Sen. Kirsten Gillibrand, New York’s junior senator, saw her military sex assault bill fall short in the U.S. Senate on Thursday, March 6.

Despite having bipartisan majority support for her landmark initiative to combat rape and sexual assault in the armed services, Sen. Kirsten Gillibrand (D-NY) could not find five more votes to end a filibuster that blocked her Military Justice Improvement Act from passing the U.S. Senate Thursday.

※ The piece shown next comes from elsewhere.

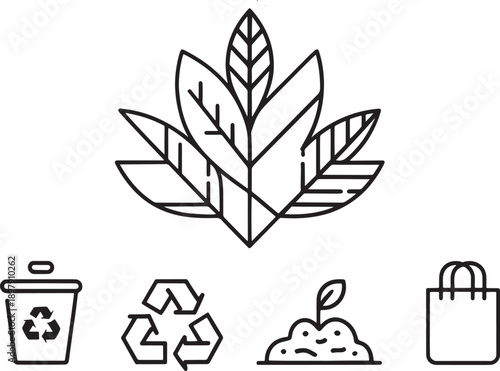 Collection of black line icons illustrates various elements of waste management and plant cultivation below a stylized multi-leaf emblem.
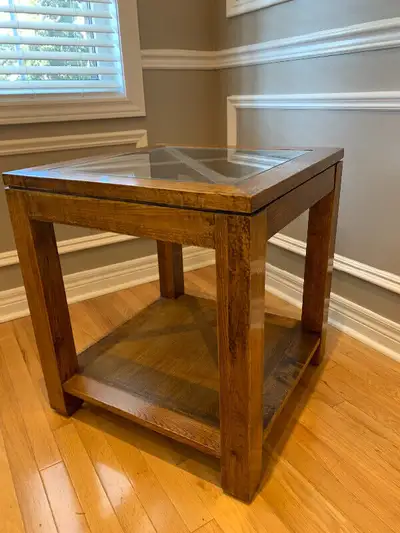 Coffee table 2x2 wood with glass top, View more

An unusual coalition, to say the least, which included Senate Minority Leader Mitch McConnell (R-Ky) and Sen. Ted Cruz (R-Texas), voted 55-45 in favor of the legislative effort by New York’s junior Democratic Senator to help military victims of sexual assault seek justice by removing commanders from the decisions on whether to prosecute serious crimes committed in the ranks and give that discretion to professional military trial lawyers operating outside the chain of command.

According to news reports, 10 Democrats voted against her plan while 11 Republicans supported her bill. Gillibrand, who chairs the Senate Armed Services subcommittee on military personnel, reportedly had veterans groups on her side, but not the top Pentagon brass. According to the Washington Post, Gen. Ray Odierno, the Army chief of staff, criticized her bill by estimating that it could cost $113 million a year to set up and run a new independent legal staff—concerns that Gillibrand scoffed at.

But her biggest obstacle turned out to be fellow a Democrat, Sen. Claire McCaskill, who thought Gillibrand’s bill undercut military authority and wouldn’t protect victims enough to justify it. McCaskill insisted on the 60-vote filibuster threshold. Recently, Congress voted to end the statute of limitations on assault and rape cases in the military and made it a crime to retaliate against victims who come forward to report them. McCaskill supported these moderate reforms but could not back Gillibrand’s effort—even though, as Thursday’s vote proved, 54 of her other Senate colleagues did support it.

Gillibrand won’t give up the fight, her spokeswoman says.

“From the very beginning, this was never about being a Democratic idea or a Republican idea,” said Gillibrand in a statement. “It was just the right thing to do – that people of good faith from both parties could unite around.”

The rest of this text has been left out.